Forum: Other

Post: Numactl --performance improvement

Numactl --performance improvement
Aug 16, 2012
I am doing some Voltdb benchmark

There are 2 factors i found as below:

1.I fixed voltdb instance on One CPU use numactl --cpunodebind=0, and I got almost twice performance of READ(select * from table) than before.

have anyone tried that before?

2.I disable hyper-thread on 8core intel E5,got some performance improve
Hi Bill, Re #1 It's safe to
Aug 17, 2012
Hi Bill,

Re #1

It's safe to assume you are doing select * from a very small table?

If you pin all the threads to a socket they can communicate via local cache and all memory allocations are local to that NUMA node. In the current release that is a big help because transaction initiation contains some global state that is highly contended. In the upcoming version there is no more global or shared state around transaction initiation. The dominant cost for most transactions is networking, the actual execution is trivial.

I have had similar findings. It is much faster to run two Volt processes each bound to a socket then to run one process. We completely rewrote transaction initiation and networking to eliminate global locks and shared state and it was a 2-4x improvement, but still not enough when you have 10-gig E. There is plenty of compute time available and profiling doesn't show contention, and everything is mysteriously idle waiting on network messages.

My next step is to add node aware replication so that you can run multiple processes per node with replication and then use numactl to bind a Volt process to each socket. It's a lot of work to make it self configuring across a variety of hardware and software (numactl isn't installed everywhere) and Java is no help when it comes to thread/memory placement.

Re #2
We haven't played much with disabling hyper-threading, but this doesn't surprise me for most workloads where transaction sizes are small. For TPC-C which has very complex transactions and a low number of total transactions we found that hyper-threading was slightly faster in terms of throughput. I think there is still a place for hyper-threading in Volt but there is more work to more accurately pair the right threads together on the same core.

Results are heavily effected by the choice of sites per host and may change. If you twiddle that number you may find with/without hyperthreading is equivalent.

hi, Ariel Thank you very much
Aug 19, 2012
hi, Ariel
Thank you very much for your response.I can provide you with some detail, maybe it has some reference value.

We are doing some benchmark & comparison for several DB on intel X86 platform, such as hbase, mongodb, memchached, coherence. For comparison, we use a unify workload YCSB, of course we will do some tpc-c in future.
for voltdb benchmark, the test schema is one table with 11 column, 1 primary key + 10 data column.

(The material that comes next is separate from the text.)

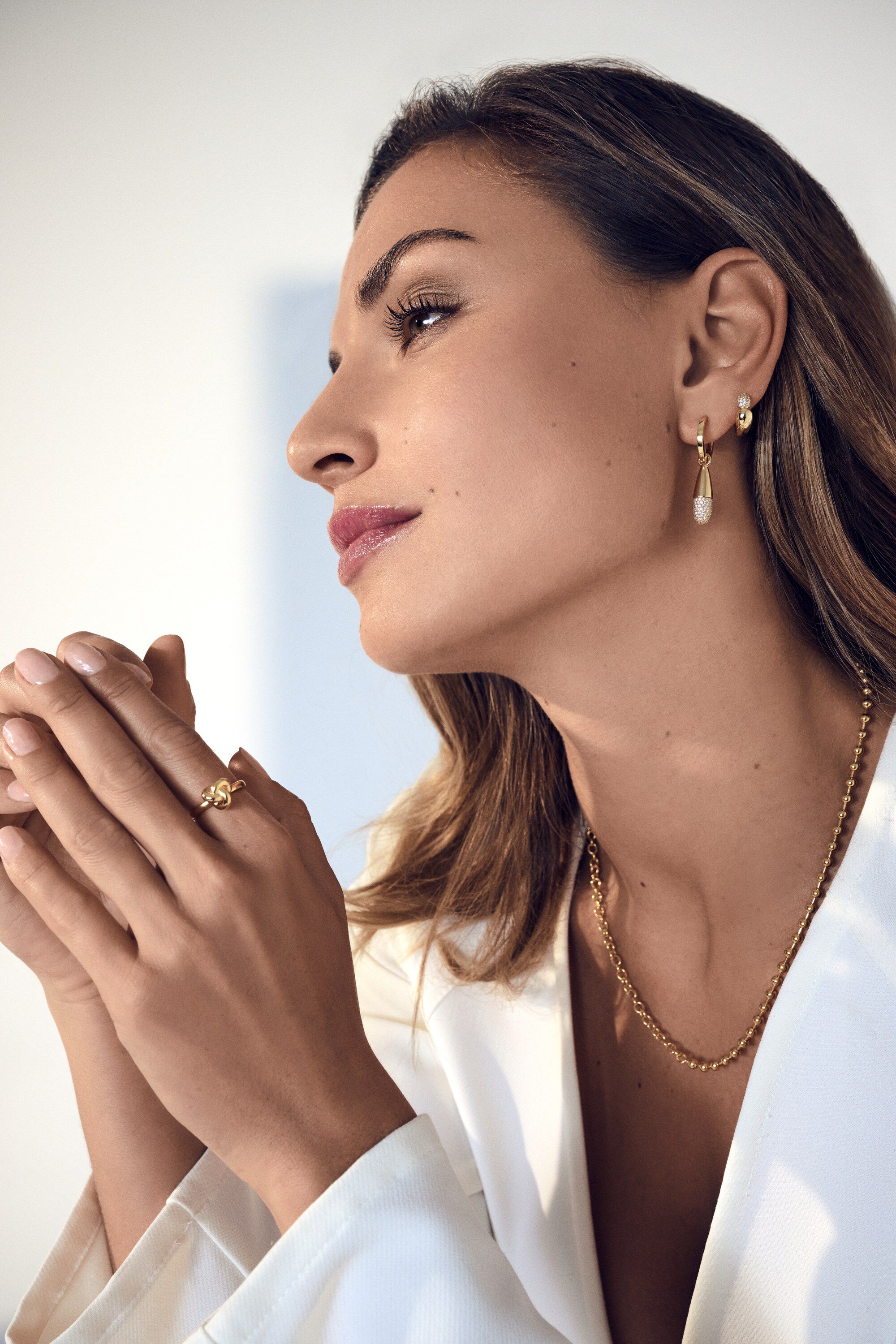 GOCCIA CREOLO PICCOLO EARRINGS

In our test, each column contain 100b, so 10 column will have 1k data.

transaction read is like Select * from table where primary key = ?
transaction update is Update table set data column1 = ? where primary key = ?

i got some result as below:

for the numactl

Node Site/Node Feature Read update Load
2 8 cpunodebind=0 182943 261178 115278
2 16 cpunodebind=all 132001 184207 93935
4 8 cpunodebind=0 314579 725554 204192
4 16 cpunodebind=all 320448 564935 194286
in our test, numa provide improvement for both read and update, so our next test will all use numa.

I have another question, in our workload, each thread will do createconnection() to cluster, we've tried different thread to test, I found this:
in read: one thread got good performance, more than 10 will decrease tps
in update: more threads perform better, i use twice the number of total sites
Have you tried this?

Looking forward to your new version
Thank you again!

looking forward to your new version
Hi Bill,The performance
Aug 22, 2012
Hi Bill,

When you say createConnection, are you talking about having separate client instances for each thread, or once client instance where you call createConnection multiple times? The Java client library is basically a connection pool and defaults to a single network thread. If you end up doing work in the procedure callbacks that can hurt performance because the callback thread is a finite (although very large) capacity. We recommend sharing client instances between threads.

Normally the latency in Volt is such that I would expect any kind of performance out of 10 threads unless you were generating a lot of work asynchronously. I think you will also find better performance with lower # of sites per host.

The current version of Volt has somewhat strange performance curves at different load levels because the global transaction ordering mechanism actually requires load to propagate information and without that load latency is worse. If you aren't generating load asynchronously and have a low thread count you will see poor performance.

The performance profile of Volt is going to change dramatically in the next few months in terms of latency and throughput. The original transaction initiation system was written and benchmarked against TPC-C which has large complex transactions where the cost of scheduling the transaction was small. You can expect to get good throughput with 10-40 threads instead of hundreds.

We have since found that for most workloads (such as the YCSB one you describe) the cost of scheduling and replicating a transaction is >50% of the cost of actually executing the transaction and the serial portions of code that did transaction scheduling was a bottleneck.

We have been calling this IV2 and the improvement is in the 2-4x range. I also think that you will see true scale up with IV2 as opposed to scale up until you reach the serial bottleneck as in pre-IV2.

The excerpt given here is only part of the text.